The two transfers have gone all in for their new program, which is 4-0 after beating Takoma Academy (1-2) Tuesday night. That win followed two important league victories to begin the season, over Spingarn (0-4) and Eastern (0-3). Watson and Carter have been at the core of the Tigers’ reboot, but aren’t the only transplants this season: Williams also has St. Albans transfer Larry Holmes at his disposal, as well as guard Chris Henderson, who attends School Without Walls, which doesn’t have a basketball program this winter and allows its students to play for other schools in the city.

“It’s been fun. Very fun,” said Carter. “I didn’t know what to expect. I didn’t really know anybody.”

Working with new pieces is nothing new for Williams, who had six transfers on last season’s squad that won 23 games and contended in the DCIAA West. Williams has worked hard to develop his junior varsity program into one of the city’s best — a team that went 42-1 the last two seasons — and into a feeding ground that can provide stability for the varsity club in the years to come. But the reality is, he said, transfers are an integral part of the basketball landscape in the city, and can mean the difference for a school trying to compete for the coveted city championship.

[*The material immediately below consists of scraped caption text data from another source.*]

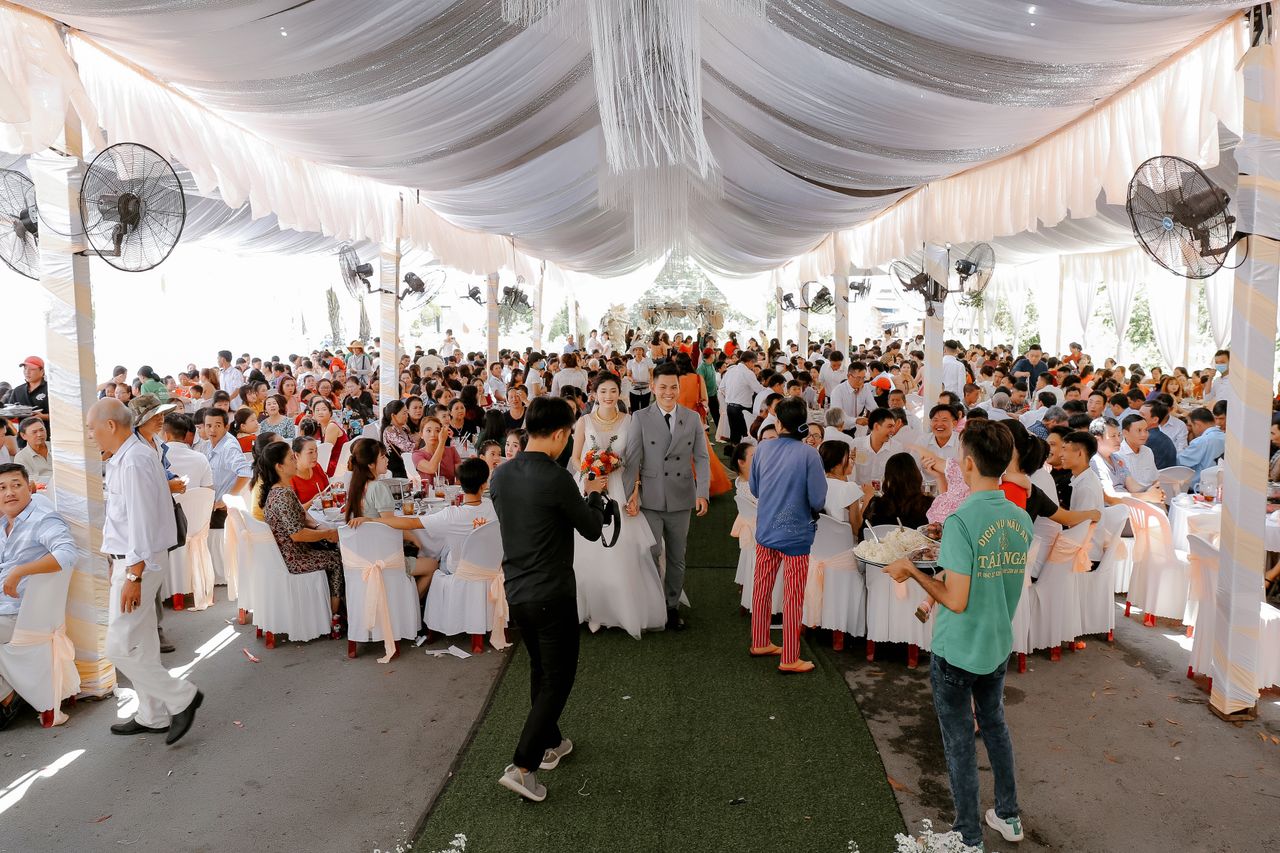 Group of people gathering together for wedding ceremony and party in decorated area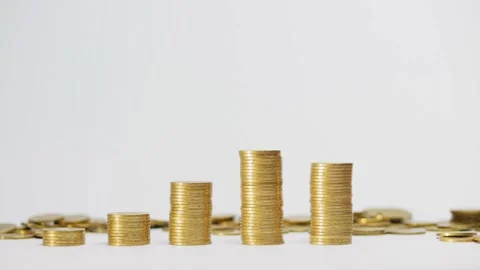 Stack of golden coin on table background and business or finance saving money Video stock 334027982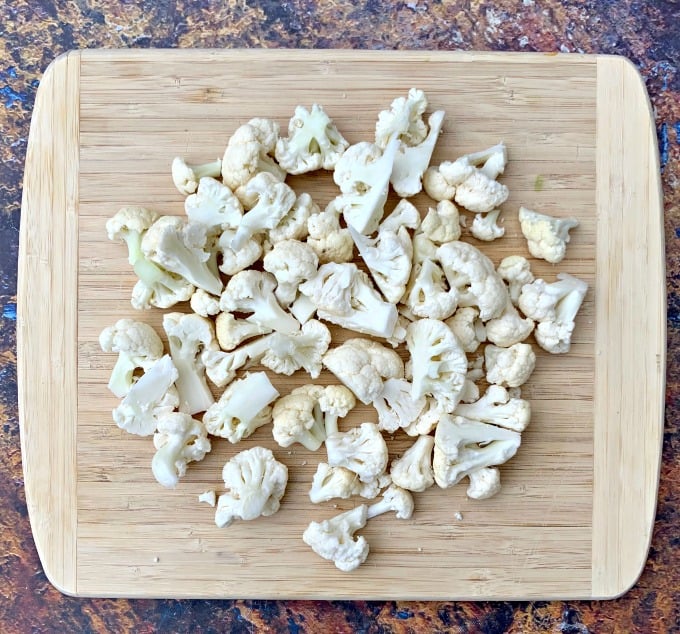 raw chopped cauliflower on a cutting board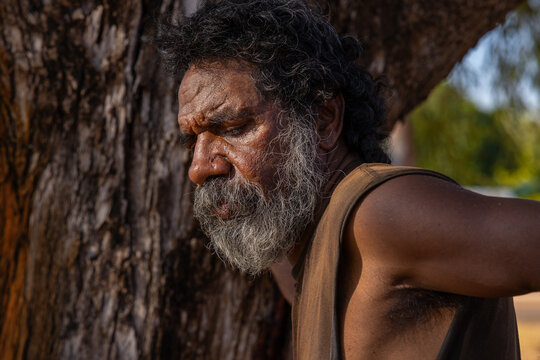 head and shoulders of middle-aged Aboriginal man in profile against a tree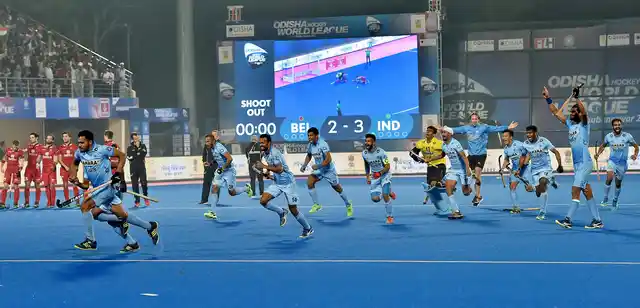 Indian team players celebrate after Akash Chikte stops the a Belgian penalty shot to win the quarter-final.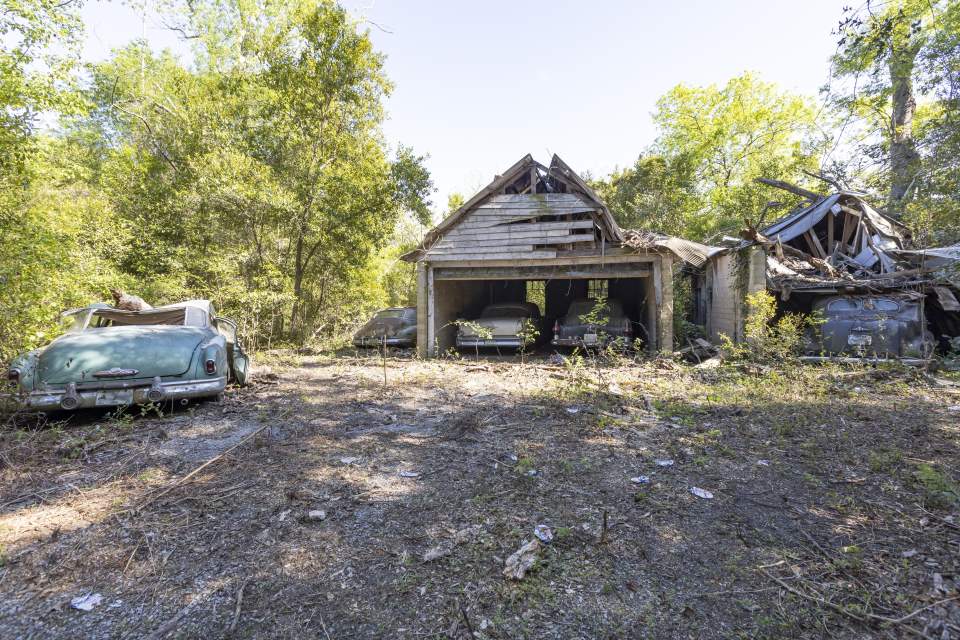 Abandoned vintage cars in a dilapidated garage.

“I don’t think it started in DCIAA. I think it started within Catholic schools. Catholic schools taking inner city kids and they’re now pulling them out to wherever they are, Maryland, Virginia. I think kids became accustomed to moving through that. . . . At the end of the day people want to win the ultimate prize, which is the city title,” said Williams, who played at Anacostia from 1995 to 1998. “It’s like a free agent market. . . . WCAC schools they have unlimited range. They can go out and get a kid from California, Canada, Africa, wherever. And we have to stay in this small city.”

Williams said he is thankful to give players like Watson and Carter one last chance to play within his program. Both have looked good in the early going, too; Carter has scored in double figures in three of the four wins, and Watson opened the season with 20 points against Spingarn and was key to keeping talented guard Jerome West in check during the 69-47 win.

“I think our team is still getting there,” Watson said. “I found a home here for this year, my last year. I felt like every team was going to be a home. It didn’t really work out that way.”